This chapter focuses on data management and data sharing. Strong emphasis is given to the tool Git as a highly recommended way to keep data under version control. As a way of sharing data, the near-ubiquity of Git means that a basic understanding of it as a tool is essential for historians wishing to use work shared by others on public Git repositories. The use of Git and Git repositories is covered in some depth.
This chapter outlines the history of digital history and digital humanities more broadly. This historical narrative is intertwined with coverage of the technological changes which have made certain types of digital history feasible or even popular, and noting the economic drivers to certain types of material being preferentially digitised. The effect of the digital on the way historians approach reading, writing, collaboration, discovery (search) and citation is also discussed.
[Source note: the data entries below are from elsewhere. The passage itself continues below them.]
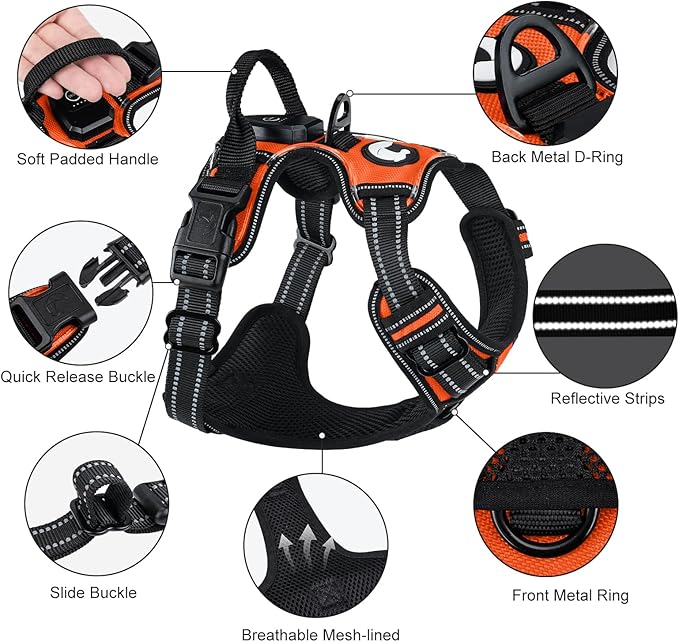 Taglory Light Up Dog Harness, Rechargeable No Pull Dog Vest with 3 Lightning Modes, Reflective Dog Harness with 2 Leash Clips & 4 Adjustable Slide Strips for Medium Dogs, Orange-Orange, M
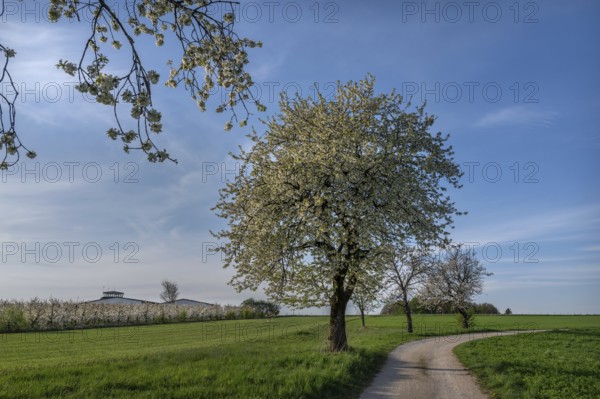 Old flowering cherry tree (Prunus avium), on the left a young, flowering cherry orchard, Franconia, Bavaria, Germany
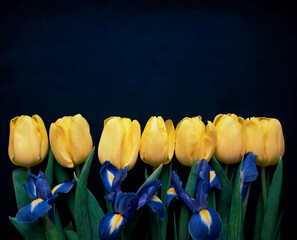 Obraz premium Flowers composition. Frame made of yellow tulips and irises on blue background. Valentines day, mothers day and womens day concept. Flat lay, top view.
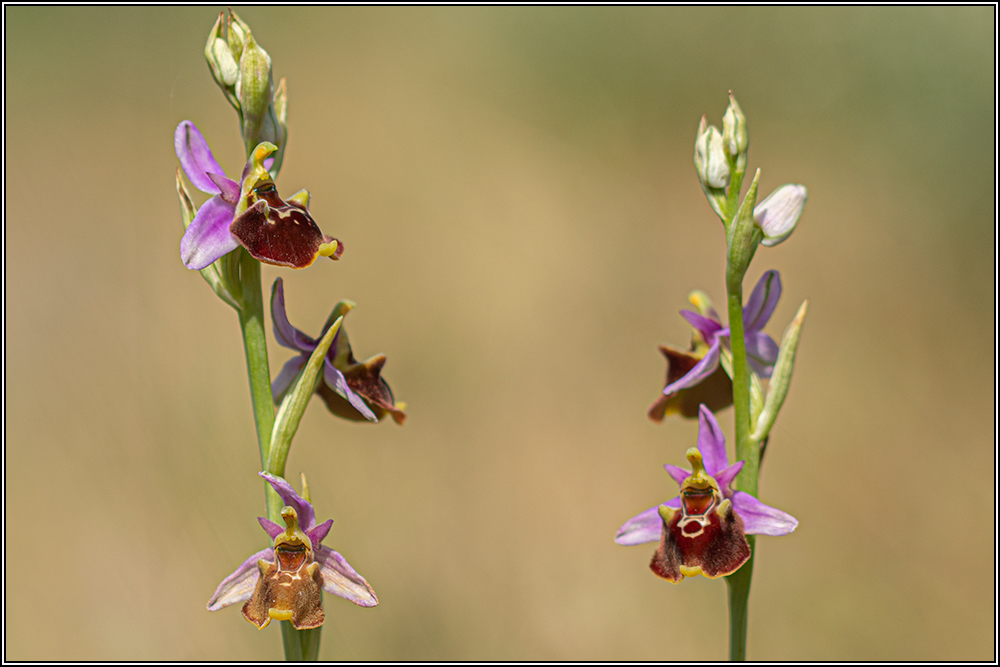 Ophrys fuciflora subsp souchei 01_20015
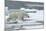 Polar Bear (Ursus Maritimus) Walking over Sea Ice, Moselbukta, Svalbard, Norway, July 2008-de la-Mounted Photographic Print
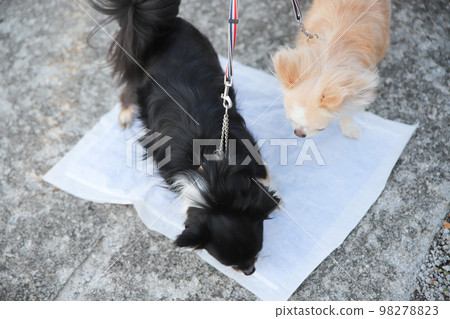 Two long-coated chihuahuas peeing on a toilet seat outdoors 98278823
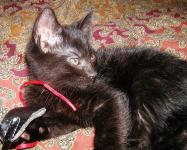 <img0*150:stuff/18a.jpg>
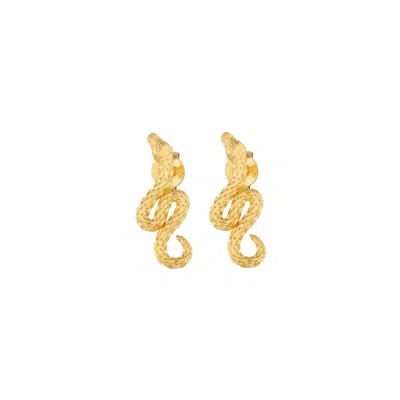 Coco & Kinney Women's Gold Ceri Snake Earrings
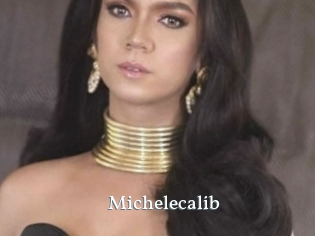Michelecalib
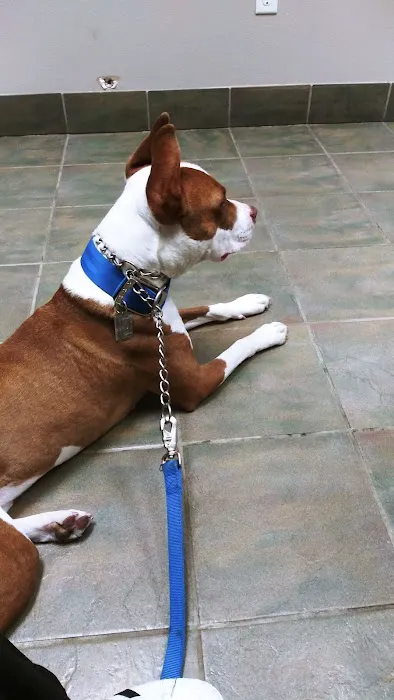 VCA Hualapai Animal Hospital Picture 8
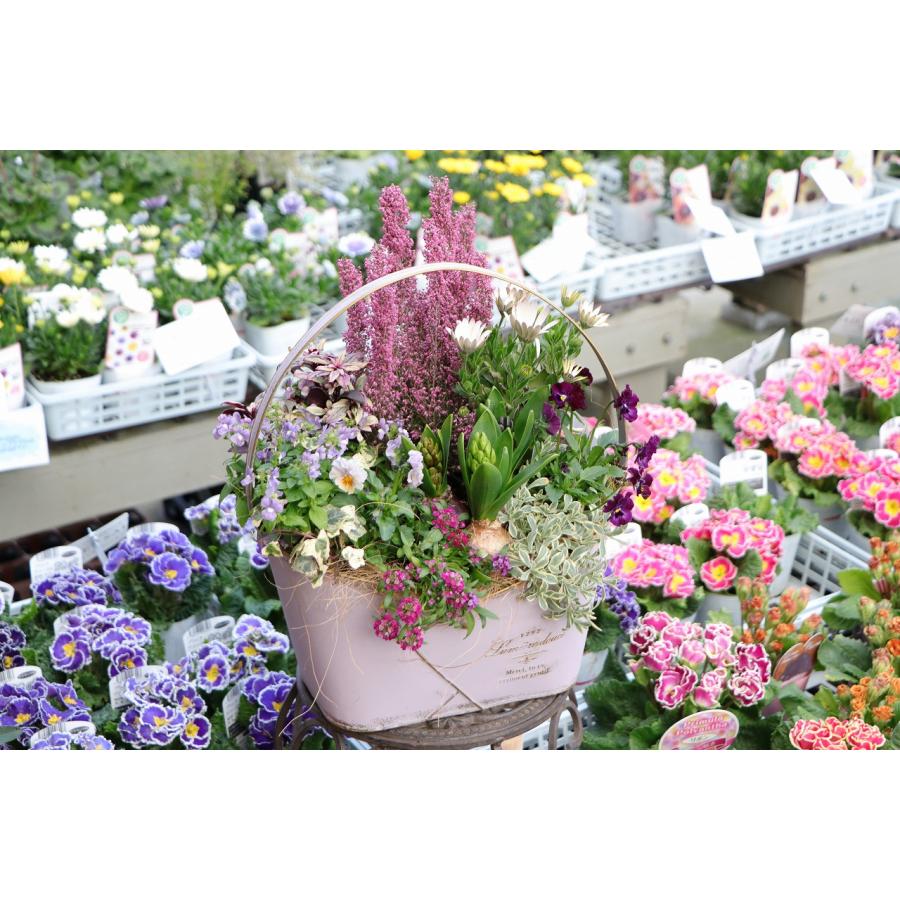 935-STYLEオリジナル】 春が待ち遠しくなるブリキ鉢の寄せ植え【現品5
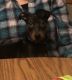 Miniature Pinscher Puppies for sale in Stoughton, WI 53589, USA. price: $300
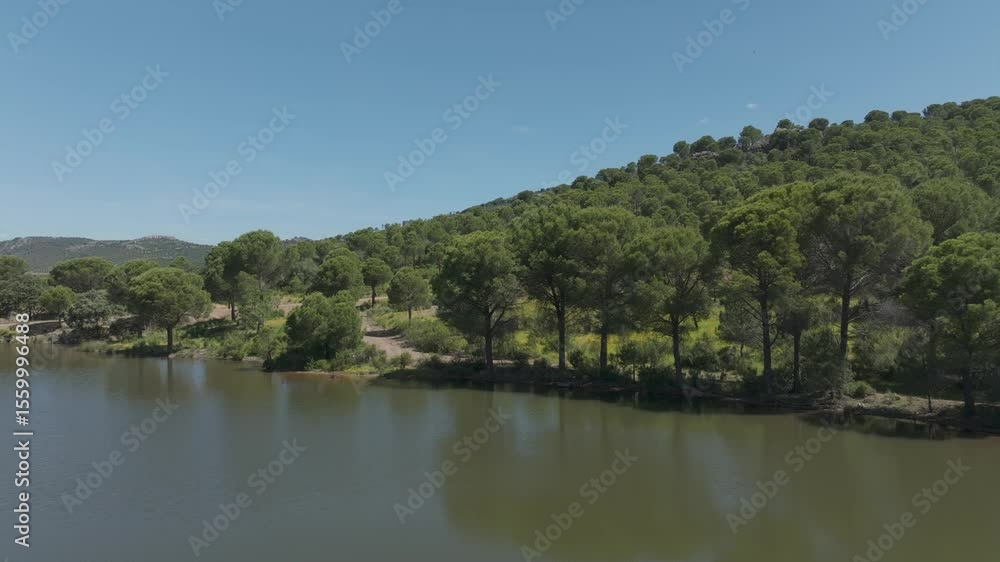Semi-orbital drone shot sweeping left over a green lagoon with reflections, ending near the pine trees on the shore. Peaceful and scenic springtime nature scene in the countryside of Spain. Semi-orbital drone shot sweeping left over a green lagoon with reflections, ending near the pine trees on the shore. Peaceful and scenic springtime nature scene in the countryside of Spain.
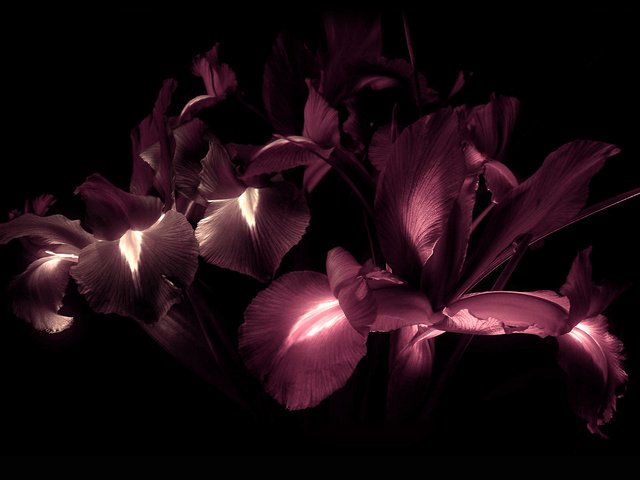 Обои цветы, лепестки, черный фон, ирисы, flowers, petals, black background, irises разрешение 1920x1200 Загрузить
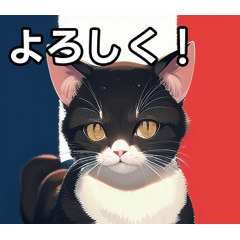 A cat who loves France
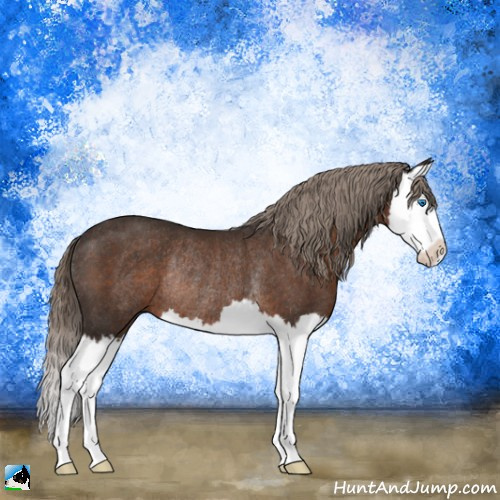 Horse Color:Liver Chestnut Splash Rabicano 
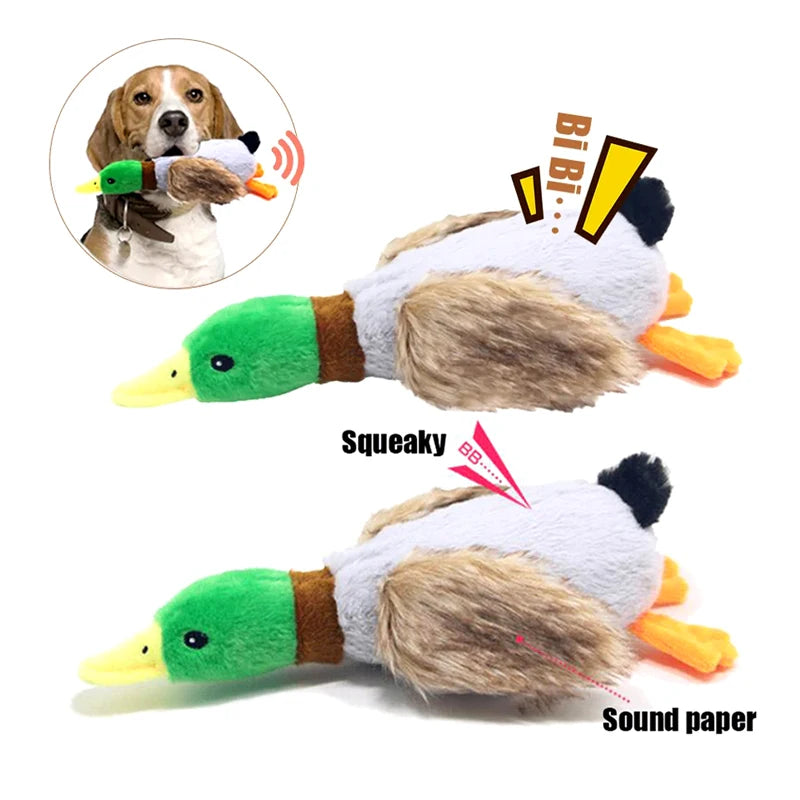 Patito Squeaky Indestructible 🦆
This book offers a practical introduction to digital history with a focus on working with text. It will benefit anyone who is considering carrying out research in history that has a digital or data element and will also be of interest to researchers in related fields within digital humanities, such as literary or classical studies. It offers advice on the scoping of a project, evaluation of existing digital history resources, a detailed introduction on how to work with large text resources, how to manage digital data and how to approach data visualisation. After placing digital history in its historiographical context and discussing the importance of understanding the history of the subject, this guide covers the life-cycle of a digital project from conception to digital outputs. It assumes no prior knowledge of digital techniques and shows you how much you can do without writing any code. It will give you the skills to use common formats such as plain text and XML with confidence. A key message of the book is that data preparation is a central part of most digital history projects, but that work becomes much easier and faster with a few essential tools.
This chapter provides a survey of the landscape of contemporary digital history, with coverage of the way individual research projects have built upon each other. An understanding of what is available and how it can be used is vital to choosing a viable research project, and this chapter covers technologies such as optical character recognition (OCR), handwritten archives, crowdsourcing, big data and web archives. The chapter concludes with discussion of publication broadly conceived, so not simply of the final outputs of a project.
This chapter gives a description of the life-cycle of a digital history project, from digitisation of source material onwards, with advice on the practicalities and costs of different approaches to producing machine-readable text. There is introductory coverage of data cleaning and version control using Git, although these are covered more fully in later chapters.
The Introduction provides a summary of the aims and intended audience of the book, and a justification of the choice of tools to be used: the book recommends well-tested, free tools for working with large amounts of text. The Introduction also draws attention to the importance of data cleaning – the preparation of data for use in a project. A precis of the following chapters and appendices is given.
This chapter offers a guide to visualising historical data, with two case studies centred on the Post Office directory data used throughout the book. The first visualisation is two stacked bar charts showing the most common female professions against men in the same professions and breaking down professions by married and unmarried women. The second visualisation is a map of one London street in 1879, with discussion of the process and the thinking that led to the finished visualisation.
This chapter looks at likely trends for digital history over the next few years, with predictions about the impact of historical material increasingly being available solely or additionally in digital form. There is a discussion of the ethics of digital history projects in terms of their environmental impact and in the way they can uncover and make public information about individuals in unprecedented ways.
The first of two chapters on working with text, this chapter covers the difference between plain text formats and proprietary formats, the pattern-matching technique ‘regular expressions’, the command line as an interface for working with large amounts of text, particularly the grep command. All of the examples work on a specific historical text, a Post Office directory for late nineteenth-century London.
The second of two chapters on working with text, this chapter covers structured text and, in particular, the markup language XML, with a short passage on the Text Encoding Initiative (TEI) guidelines. As with the previous chapter, the Post Office directory is used throughout as an example historical text.